Molto più morbida la posizione della Cisl, che infatti il 12 dicembre non parteciperà allo sciopero. Cuccello sta nel mezzo: “Non mi è piaciuto il modo in cui il Jobs act è stato presentato, ma entrando nel merito vi trovo molte proposte che il nostro sindacato ha sempre sostenuto. Dal contratto a tutele crescenti all’estensione del diritto di maternità per le donne. Ecco, per la prima volta si parla di cose importanti”.

Prima c’era stata la testimonianza di Ilaria Boscaglia, novarese laureata con dottorato in antropologia culturale (prima a Torino, poi a Siena) finita a fare la ricercatrice all’università del Rwanda: “Una doppia fuga di cervelli, perché è finita in un Paese molton più povero dell’Italia, ma evidentemente più attrattivo”, sottolinea Valentini. E Ilaria, via Skype dall’Africa: “Trovare un contratto, anche precario, nell’università italiana non è facile. E poi si tende sempre a infantilizzare il ricercatore, a dargli poca fiducia e a gerarchizzarlo. Una cosa fastidiosa, quando si ha trent’anni e già quattro alle spalle di esperienza in ricerca.
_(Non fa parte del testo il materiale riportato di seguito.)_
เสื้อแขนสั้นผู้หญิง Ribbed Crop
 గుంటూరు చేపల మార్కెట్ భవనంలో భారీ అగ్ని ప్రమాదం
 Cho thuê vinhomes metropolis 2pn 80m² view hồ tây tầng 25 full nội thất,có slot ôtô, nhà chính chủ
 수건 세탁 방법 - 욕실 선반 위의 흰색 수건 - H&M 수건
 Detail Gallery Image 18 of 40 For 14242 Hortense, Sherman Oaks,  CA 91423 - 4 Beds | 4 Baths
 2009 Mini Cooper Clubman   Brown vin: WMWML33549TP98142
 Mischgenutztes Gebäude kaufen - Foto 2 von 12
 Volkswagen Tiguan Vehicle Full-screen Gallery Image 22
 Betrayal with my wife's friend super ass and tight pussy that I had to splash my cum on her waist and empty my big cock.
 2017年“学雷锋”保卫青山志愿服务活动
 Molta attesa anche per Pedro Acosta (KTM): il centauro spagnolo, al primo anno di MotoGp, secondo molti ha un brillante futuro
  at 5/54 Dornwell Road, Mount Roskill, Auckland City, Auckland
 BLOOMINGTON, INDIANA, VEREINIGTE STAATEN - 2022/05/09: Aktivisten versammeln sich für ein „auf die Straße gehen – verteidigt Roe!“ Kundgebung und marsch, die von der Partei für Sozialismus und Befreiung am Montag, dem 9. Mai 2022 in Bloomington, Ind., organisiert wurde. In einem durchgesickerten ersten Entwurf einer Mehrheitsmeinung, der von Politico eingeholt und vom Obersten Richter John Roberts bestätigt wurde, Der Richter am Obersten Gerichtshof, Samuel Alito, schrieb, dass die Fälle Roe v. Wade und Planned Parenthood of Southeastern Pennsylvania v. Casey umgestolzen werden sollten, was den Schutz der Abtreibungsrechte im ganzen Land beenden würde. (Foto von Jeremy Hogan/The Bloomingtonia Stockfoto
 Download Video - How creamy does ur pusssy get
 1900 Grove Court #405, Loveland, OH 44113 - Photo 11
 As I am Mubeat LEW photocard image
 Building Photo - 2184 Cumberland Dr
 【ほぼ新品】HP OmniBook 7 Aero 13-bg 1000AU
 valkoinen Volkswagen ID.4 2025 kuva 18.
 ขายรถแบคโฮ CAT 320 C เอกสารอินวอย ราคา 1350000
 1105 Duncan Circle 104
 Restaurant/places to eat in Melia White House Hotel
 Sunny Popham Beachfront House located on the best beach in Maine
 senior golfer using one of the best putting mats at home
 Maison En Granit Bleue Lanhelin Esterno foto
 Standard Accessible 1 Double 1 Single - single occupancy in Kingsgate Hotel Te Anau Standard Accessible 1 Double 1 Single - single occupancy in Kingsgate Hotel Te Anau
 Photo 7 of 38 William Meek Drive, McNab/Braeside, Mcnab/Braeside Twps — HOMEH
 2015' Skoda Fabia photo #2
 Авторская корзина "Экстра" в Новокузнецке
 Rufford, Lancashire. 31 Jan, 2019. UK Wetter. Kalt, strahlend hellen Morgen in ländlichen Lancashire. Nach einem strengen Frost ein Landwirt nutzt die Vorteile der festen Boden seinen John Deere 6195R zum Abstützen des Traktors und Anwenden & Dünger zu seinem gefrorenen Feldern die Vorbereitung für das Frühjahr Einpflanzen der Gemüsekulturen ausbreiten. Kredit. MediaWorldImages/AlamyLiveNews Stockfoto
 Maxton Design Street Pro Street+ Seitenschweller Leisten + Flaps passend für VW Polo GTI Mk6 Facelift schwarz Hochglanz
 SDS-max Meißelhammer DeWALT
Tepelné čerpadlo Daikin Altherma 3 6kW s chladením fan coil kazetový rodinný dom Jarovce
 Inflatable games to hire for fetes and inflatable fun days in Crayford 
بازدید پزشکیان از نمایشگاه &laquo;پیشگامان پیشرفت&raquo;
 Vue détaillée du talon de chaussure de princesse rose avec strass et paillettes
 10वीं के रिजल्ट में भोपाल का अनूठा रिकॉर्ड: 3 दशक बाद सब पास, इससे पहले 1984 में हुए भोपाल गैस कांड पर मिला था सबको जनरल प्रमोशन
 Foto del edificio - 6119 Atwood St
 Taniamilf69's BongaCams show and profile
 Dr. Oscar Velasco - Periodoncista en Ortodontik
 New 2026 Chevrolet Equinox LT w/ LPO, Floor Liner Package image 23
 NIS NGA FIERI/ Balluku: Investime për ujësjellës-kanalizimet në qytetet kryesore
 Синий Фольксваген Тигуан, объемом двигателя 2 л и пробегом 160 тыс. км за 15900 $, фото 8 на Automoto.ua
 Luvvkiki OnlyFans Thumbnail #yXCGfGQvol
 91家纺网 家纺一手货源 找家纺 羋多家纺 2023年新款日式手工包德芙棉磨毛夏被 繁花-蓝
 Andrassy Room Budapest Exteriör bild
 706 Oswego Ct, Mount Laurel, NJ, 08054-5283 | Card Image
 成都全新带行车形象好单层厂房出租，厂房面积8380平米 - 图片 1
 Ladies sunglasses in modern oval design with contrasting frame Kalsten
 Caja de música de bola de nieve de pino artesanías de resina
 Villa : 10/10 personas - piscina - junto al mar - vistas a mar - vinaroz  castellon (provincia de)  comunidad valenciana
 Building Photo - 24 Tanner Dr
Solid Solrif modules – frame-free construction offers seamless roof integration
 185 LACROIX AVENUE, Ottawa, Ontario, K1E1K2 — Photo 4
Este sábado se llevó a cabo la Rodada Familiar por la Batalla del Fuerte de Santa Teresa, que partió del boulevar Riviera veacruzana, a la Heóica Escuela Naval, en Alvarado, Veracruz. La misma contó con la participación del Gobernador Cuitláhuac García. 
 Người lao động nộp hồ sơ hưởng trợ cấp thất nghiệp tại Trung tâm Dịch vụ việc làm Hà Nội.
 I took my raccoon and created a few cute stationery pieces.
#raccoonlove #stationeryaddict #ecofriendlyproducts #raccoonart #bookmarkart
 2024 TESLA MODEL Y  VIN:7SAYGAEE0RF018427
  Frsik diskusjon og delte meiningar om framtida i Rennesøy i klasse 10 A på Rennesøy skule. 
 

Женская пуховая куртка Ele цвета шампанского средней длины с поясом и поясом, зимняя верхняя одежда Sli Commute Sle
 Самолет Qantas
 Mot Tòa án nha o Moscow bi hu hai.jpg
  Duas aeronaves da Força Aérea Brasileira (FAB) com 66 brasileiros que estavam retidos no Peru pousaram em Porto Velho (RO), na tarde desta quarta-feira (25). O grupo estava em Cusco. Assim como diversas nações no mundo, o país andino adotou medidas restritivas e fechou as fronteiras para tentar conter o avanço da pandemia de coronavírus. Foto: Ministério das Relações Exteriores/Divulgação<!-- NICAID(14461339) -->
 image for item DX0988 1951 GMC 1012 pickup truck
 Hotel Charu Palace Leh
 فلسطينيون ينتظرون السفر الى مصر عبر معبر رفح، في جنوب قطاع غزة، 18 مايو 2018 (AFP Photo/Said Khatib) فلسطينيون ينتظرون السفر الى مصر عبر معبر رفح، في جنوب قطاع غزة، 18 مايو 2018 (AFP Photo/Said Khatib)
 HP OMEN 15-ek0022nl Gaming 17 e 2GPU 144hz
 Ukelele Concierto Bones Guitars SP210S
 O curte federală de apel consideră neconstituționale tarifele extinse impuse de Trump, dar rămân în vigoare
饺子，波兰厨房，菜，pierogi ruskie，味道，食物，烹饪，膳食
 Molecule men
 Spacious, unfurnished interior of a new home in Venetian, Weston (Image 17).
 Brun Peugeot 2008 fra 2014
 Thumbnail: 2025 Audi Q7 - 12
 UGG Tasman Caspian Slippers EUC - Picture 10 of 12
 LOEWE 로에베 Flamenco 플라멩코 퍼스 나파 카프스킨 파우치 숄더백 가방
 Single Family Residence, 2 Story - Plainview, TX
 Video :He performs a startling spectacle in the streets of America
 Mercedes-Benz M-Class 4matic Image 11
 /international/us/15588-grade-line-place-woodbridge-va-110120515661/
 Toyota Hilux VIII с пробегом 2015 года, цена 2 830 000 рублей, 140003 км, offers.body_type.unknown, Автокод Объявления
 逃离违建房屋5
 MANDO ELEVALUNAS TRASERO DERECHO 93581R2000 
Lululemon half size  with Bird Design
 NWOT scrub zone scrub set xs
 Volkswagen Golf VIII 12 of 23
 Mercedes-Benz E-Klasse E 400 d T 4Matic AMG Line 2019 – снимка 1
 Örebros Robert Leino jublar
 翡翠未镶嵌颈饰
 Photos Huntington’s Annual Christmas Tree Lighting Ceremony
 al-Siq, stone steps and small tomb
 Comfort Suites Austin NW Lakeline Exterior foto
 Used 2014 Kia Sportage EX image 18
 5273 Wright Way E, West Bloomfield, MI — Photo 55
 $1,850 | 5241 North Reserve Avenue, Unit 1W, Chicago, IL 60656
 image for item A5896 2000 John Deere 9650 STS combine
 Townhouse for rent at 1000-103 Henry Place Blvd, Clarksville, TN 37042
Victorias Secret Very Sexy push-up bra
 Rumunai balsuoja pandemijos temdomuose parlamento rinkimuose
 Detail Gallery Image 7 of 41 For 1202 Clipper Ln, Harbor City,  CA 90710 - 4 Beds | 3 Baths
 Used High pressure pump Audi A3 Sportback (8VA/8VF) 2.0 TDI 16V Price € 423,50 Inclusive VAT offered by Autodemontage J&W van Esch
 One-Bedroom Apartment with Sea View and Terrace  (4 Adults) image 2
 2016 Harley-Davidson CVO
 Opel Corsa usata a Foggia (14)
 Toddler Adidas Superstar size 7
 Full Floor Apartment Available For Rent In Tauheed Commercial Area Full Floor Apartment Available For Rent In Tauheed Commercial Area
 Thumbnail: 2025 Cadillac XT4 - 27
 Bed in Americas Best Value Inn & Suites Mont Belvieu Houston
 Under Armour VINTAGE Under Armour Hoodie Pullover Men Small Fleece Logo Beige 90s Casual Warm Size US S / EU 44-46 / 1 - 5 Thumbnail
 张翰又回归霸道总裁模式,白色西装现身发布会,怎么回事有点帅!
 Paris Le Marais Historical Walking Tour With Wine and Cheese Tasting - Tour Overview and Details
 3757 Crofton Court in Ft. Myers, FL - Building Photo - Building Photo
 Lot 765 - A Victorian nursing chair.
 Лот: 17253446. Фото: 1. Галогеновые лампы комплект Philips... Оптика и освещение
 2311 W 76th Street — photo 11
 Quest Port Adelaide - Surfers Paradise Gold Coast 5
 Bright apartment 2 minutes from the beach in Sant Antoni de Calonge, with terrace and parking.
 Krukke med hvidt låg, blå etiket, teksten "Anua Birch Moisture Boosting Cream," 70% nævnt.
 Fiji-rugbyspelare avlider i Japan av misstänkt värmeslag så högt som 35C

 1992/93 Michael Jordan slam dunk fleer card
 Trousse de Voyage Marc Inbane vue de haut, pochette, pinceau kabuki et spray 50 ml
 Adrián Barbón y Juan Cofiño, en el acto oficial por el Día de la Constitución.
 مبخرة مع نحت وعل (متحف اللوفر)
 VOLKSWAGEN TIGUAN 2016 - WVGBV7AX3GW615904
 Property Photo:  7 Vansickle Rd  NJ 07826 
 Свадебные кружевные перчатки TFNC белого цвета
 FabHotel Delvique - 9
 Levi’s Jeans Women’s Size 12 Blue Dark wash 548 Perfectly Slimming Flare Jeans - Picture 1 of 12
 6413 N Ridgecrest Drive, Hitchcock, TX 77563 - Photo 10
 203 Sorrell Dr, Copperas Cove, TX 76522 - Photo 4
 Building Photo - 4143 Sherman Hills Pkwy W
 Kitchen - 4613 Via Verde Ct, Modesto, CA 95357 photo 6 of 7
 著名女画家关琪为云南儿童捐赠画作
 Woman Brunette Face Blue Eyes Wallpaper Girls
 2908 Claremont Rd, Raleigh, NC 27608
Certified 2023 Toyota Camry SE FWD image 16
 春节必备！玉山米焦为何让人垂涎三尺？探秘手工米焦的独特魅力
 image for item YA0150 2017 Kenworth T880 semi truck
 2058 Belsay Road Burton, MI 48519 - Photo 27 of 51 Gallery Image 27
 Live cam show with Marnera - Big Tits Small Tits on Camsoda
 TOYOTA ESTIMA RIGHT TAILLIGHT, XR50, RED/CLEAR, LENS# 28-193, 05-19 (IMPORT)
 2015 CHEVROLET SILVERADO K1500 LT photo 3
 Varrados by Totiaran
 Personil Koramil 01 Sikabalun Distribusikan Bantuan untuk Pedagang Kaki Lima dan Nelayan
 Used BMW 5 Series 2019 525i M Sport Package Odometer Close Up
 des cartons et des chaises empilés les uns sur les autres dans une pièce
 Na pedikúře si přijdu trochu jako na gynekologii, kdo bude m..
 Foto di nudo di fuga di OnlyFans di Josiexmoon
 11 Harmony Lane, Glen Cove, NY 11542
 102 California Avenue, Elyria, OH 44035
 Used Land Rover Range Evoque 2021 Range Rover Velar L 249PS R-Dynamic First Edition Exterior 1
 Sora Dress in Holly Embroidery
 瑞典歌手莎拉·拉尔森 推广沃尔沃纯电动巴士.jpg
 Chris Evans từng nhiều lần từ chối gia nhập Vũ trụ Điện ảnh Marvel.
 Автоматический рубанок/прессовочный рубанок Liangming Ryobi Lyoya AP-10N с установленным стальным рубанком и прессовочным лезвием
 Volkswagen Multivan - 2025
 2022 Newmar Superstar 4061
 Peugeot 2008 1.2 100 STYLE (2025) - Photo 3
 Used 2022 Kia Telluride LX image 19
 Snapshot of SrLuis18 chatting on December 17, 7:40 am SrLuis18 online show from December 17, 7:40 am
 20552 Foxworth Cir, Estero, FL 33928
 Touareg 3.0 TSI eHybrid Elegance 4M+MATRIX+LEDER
Qui vivo bene, sono responsabilizzata e ben pagata, ma certo mi sono formata nel mio Paese, anche grazie ai soldi pubblici, e mi piacerebbe tornare e poter dare qualcosa in cambio”.

E Ichino, giusto per tirar su il morale ai precari depressi, cita un caso limite: “Che una quota di ricercatori se ne vada all’estero è fisiologica nella globalizzazione, il brutto è che noi non riusciamo ad attrarre una quota uguale o superiore di stranieri. Perché? Perché da noi l’accesso è svantaggiato, passa attraverso lunghe code e graduatorie. Come per l’insegnamento musicale in conservatorio, dove le assunzioni sono ferme all’ultima graduatoria del 1990. Finché non si esaurisce quella lista, nulla da fare, e parliamo di graduati nati nel 1966. Perciò, da allora, in Italia potrebbe anche essere nato un nuovo Mozart, o un nuovo Paganini, ma sarebbe certo di non poter insegnare”. Che musica, maestro. Ad orecchio, sembra un Requiem.